Le siècle de la valse et de la polka

Photo: Musée national

Aujourd'hui, émission spéciale à l'occasion du 1er mai qui est jour férié en République tchèque. Exceptionnellement, nous n'évoquerons ni l'histoire de la fête du travail, ni le traditionnel baiser des amoureux au pied de la statue du poète romantique Karel Hynek Mácha, sur la colline de Petřín. Radio Prague vous invite au Musée de la musique, dans le quartier de Malá Strana.
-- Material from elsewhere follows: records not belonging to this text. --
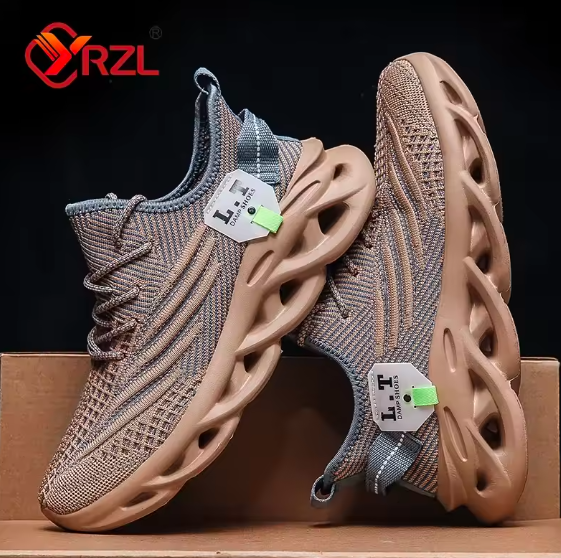 YRZL Men’s Running Shoes – Lightweight Breathable Mesh Sneakers, Shock-Absorbing Outdoor Jogging Shoes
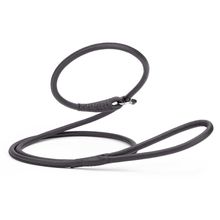 Dog Pet Round Leather Slip Lead W1/4" - L36", Black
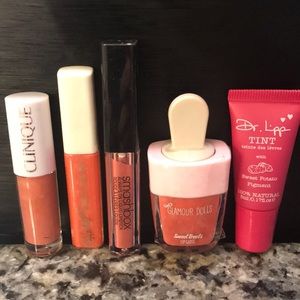 Pink lip gloss bundle Clinique, Smashbox, Dr. Lipp, Glamour Dolls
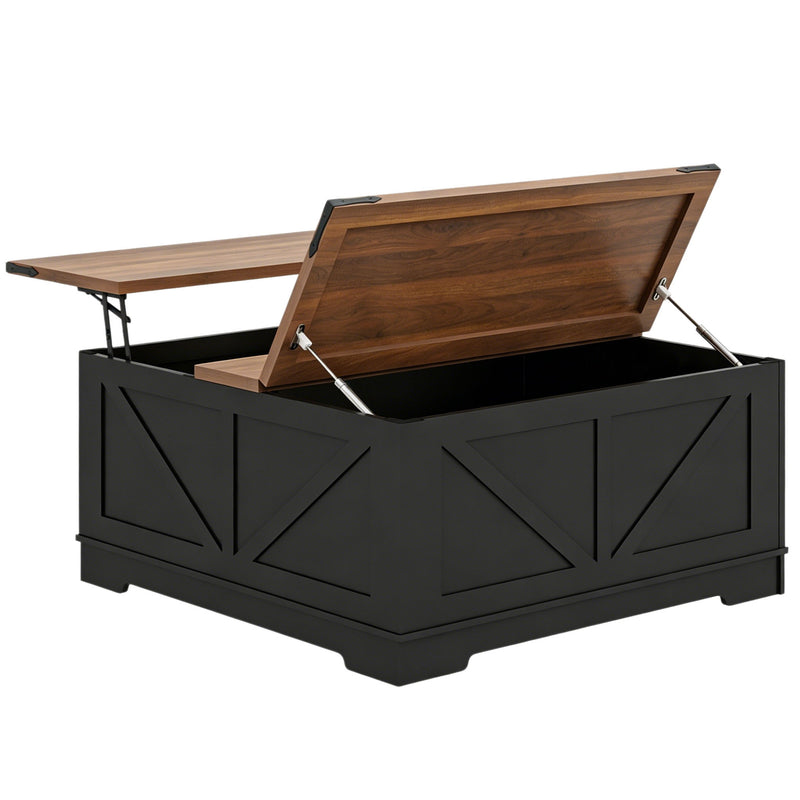 Lift Top Trunk Coffee Table With Two Shelves - Brown / Black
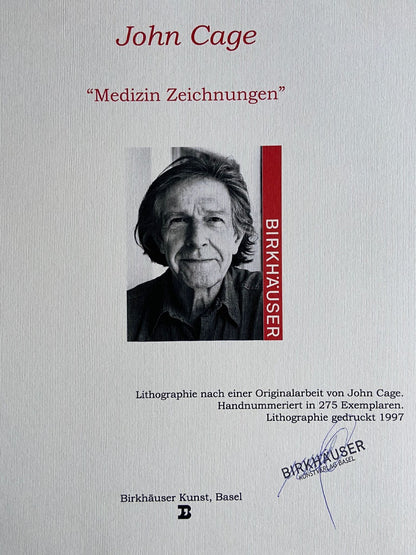 John Cage Lithograph Coa Signature And Stamp (Yoko Ono Bob Dylan)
Aménagé dans l'ancienne église baroque, le musée est rempli de rythmes de valses et de polkas, deux danses mises à l'honneur au travers d'une exposition intitulée « Le siècle de la valse et de la polka. »

Photo: Archives de Radio Prague
La polka tchèque la plus connue au monde, c'est Škoda lásky – Dommage l'amour, plus connue dans les pays francophones sous le titre de Rosemonde. Le manuscrit autographe de Škoda lásky est l'un des objets les plus rares exposés actuellement au Musée de la musique. Composée en 1927 par Jaromír Vejvoda, cette polka a vite gagné en popularité. La commissaire de l'exposition Eva Paulová revient sur les nombreuses péripéties qu'elle a rencontrées :

« A l'origine c'était une mélodie relativement simple, elle s'appelait la Polka de Zbraslav et son auteur, Jaromír Vejvoda, l'avait offerte à la publication contre une somme marginale. Devenue bientôt une des chansons les plus populaires, les paroles de Škoda lásky ont été finalisées en 1934, bien que pas tout-à-fait : comme on le sait, cet air a continué de vivre sa propre vie indépendamment de son auteur. Très vite, il s'est diffusé dans le monde entier pour être chanté sous différentes appellations. Beaucoup ignorent, jusqu'à nos jours, son origine tchèque. Škoda lásky s'est diffusée en Allemagne, en Angleterre, aux Etats-Unis. Elle a figuré dans le répertoire des orchestres de légende de Glenn Miller et Benny Goodman. Beaucoup d'interprètes comme Billie Holiday et Frank Sinatra l'ont chantée. Devenue hymne non-officiel des forces alliées pendant la Seconde Guerre mondiale, ce sont les champs de bataille qui lui ont apporté une gloire mondiale. »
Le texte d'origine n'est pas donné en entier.